Seagate is finally offering its biggest hard drive yet — a staggering 32TB in a single drive, made possible by technology that uses lasers to heat and cool tiny sections of the platter in nanoseconds …
Seagate has been working on heat-assisted magnetic recording (HAMR) technology for 17 years and announced last year that it had finally developed it. Mozaic 3+ 32TB drives are now in mass production and will be available soon.
The company explains the problem of trying to squeeze more and more data onto a disk platter.
To increase the capacity of a hard drive, engineers try to fit more bits of data, or “grains,” onto each disk platter—they increase the density of bits squeezed into each square inch of surface space. More bits on a disk means more data that can be stored.
But as the bit density increases, the grains get closer together—so close that the magnetism of each grain can influence the magnetic direction of the grains next to it. The stability of each grain at normal temperatures (“thermal stability”) becomes a problem; the only way to fix this is to make the disk platter out of new materials that make the grains more thermally stable so that the grains don't influence each other.
This solution works—it makes each bit very stable, even at room temperature—but it creates a second problem: how do you get a very stable bit to change its magnetic direction when you need it to? How do you write new data to a hard drive if the grains are very thermally stable?
The company long ago decided that the solution was to momentarily heat a microscopic section of the disk large enough to write a single bit of data to it. It came up with this HAMR approach back in 2007 and has been working on it ever since.
To write new data, a small laser diode attached to each write head momentarily heats a tiny spot on the disk, allowing the write head to reverse the magnetic polarity of one bit at a time, allowing the data to be written. Each bit heats and cools in a nanosecond, so the HAMR laser has no effect on the temperature of the drive at all, or on the temperature, stability, or reliability of the media as a whole.
Last year, Seagate announced that it had successfully created a HAMR drive and has since made them available to a few select customers. The Mozaic 3+ are now entering mass production.

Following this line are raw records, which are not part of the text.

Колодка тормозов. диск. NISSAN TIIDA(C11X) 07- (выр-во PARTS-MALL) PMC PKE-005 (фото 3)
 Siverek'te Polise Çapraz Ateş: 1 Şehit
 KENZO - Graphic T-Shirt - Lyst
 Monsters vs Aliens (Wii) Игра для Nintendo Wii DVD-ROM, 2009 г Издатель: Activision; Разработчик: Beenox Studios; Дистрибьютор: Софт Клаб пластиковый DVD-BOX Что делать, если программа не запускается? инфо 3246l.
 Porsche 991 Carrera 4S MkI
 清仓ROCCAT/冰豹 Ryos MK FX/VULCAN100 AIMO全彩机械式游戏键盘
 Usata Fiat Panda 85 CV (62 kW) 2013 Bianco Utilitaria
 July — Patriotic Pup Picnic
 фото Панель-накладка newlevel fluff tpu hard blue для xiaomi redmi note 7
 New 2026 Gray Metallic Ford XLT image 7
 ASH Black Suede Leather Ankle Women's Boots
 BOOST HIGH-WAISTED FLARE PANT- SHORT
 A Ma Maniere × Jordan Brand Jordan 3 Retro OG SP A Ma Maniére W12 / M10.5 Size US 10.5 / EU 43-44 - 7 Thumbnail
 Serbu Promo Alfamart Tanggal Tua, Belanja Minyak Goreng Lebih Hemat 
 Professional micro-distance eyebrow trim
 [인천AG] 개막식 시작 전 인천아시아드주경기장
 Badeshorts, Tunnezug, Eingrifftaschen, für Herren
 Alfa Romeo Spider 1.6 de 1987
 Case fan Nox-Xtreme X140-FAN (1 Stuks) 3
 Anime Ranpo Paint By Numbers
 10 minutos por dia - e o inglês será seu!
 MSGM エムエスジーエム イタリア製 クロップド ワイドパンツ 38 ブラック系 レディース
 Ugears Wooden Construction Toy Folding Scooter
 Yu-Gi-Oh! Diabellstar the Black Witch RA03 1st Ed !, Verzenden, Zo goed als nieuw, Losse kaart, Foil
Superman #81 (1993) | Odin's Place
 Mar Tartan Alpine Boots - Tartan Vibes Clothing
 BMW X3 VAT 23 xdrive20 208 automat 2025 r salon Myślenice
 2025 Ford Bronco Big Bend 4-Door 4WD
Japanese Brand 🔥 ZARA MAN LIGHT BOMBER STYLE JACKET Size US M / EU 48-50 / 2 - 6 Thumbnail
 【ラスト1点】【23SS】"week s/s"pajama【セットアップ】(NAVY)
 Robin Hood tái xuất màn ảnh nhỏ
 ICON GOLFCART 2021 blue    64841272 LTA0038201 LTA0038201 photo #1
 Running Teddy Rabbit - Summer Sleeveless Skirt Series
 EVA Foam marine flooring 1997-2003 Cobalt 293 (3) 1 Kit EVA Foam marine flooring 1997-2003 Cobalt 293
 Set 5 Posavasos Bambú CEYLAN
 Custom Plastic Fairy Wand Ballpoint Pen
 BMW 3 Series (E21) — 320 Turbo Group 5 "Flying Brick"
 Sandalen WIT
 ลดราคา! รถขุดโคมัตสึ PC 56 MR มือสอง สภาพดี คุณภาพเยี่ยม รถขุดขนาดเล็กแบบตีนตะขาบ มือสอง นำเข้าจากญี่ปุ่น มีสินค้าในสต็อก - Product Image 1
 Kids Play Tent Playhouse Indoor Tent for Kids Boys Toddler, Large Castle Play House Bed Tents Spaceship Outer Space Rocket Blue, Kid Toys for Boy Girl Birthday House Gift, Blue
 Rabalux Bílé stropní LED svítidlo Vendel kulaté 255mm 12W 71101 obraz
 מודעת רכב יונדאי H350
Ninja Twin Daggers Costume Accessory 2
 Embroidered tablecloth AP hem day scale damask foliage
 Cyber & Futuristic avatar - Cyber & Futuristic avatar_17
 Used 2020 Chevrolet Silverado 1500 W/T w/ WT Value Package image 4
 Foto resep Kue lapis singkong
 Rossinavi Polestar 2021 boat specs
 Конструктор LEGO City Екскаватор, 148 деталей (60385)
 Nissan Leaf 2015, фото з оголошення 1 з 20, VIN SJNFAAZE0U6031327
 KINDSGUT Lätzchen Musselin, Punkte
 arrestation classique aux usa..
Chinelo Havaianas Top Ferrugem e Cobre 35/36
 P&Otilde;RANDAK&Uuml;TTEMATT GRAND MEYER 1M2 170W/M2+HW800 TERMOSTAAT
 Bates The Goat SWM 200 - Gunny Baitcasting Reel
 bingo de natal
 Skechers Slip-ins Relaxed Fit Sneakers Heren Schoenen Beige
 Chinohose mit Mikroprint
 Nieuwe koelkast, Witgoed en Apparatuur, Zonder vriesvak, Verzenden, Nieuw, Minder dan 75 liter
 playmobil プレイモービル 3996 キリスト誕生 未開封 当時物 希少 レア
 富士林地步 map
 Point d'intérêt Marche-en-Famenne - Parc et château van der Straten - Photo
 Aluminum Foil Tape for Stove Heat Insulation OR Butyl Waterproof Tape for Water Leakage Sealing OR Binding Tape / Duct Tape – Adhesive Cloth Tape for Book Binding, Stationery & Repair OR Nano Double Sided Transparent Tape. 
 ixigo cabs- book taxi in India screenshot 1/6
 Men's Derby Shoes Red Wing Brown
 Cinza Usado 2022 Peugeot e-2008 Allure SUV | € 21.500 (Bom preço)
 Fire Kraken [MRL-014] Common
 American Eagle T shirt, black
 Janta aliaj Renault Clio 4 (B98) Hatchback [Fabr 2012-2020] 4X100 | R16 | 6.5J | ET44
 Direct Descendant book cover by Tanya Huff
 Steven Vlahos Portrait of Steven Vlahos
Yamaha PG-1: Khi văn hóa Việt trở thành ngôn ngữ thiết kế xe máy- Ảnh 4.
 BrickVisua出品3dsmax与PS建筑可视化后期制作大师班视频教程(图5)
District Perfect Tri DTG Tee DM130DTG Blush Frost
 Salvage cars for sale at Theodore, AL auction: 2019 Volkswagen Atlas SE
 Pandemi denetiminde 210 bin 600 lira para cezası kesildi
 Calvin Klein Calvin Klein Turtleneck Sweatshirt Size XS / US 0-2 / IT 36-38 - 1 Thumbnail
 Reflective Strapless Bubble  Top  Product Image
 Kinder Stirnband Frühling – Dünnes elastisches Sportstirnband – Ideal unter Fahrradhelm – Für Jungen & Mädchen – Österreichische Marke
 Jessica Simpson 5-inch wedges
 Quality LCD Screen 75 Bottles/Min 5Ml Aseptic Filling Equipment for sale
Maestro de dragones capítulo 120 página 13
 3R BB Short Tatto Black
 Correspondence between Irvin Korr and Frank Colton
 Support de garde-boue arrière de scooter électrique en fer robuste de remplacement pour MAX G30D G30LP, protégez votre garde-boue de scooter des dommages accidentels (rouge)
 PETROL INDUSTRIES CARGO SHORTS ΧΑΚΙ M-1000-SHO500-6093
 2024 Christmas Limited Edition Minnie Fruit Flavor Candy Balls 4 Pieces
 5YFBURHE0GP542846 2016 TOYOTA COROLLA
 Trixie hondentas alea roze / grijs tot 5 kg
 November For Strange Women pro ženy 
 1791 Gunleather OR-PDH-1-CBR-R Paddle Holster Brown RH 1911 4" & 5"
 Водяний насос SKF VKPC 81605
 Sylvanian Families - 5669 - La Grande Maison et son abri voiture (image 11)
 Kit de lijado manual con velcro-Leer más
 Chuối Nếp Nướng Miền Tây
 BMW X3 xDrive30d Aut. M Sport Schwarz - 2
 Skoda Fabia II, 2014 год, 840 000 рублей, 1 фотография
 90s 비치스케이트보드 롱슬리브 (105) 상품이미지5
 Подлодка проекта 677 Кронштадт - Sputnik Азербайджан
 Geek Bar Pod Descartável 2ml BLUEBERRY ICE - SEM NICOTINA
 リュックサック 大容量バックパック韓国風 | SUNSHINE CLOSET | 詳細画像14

Tom's Hardware notes that Western Digital uses a similar technology known as energy-assisted perpendicular magnetic recording (ePMR) to offer its own 32TB drives. It also heats the platter, but it uses an electric current rather than a laser to do so.
The drives are currently aimed at enterprise customers for use in data centers, but as with all storage technologies, we can expect them to make their way into consumer products over time.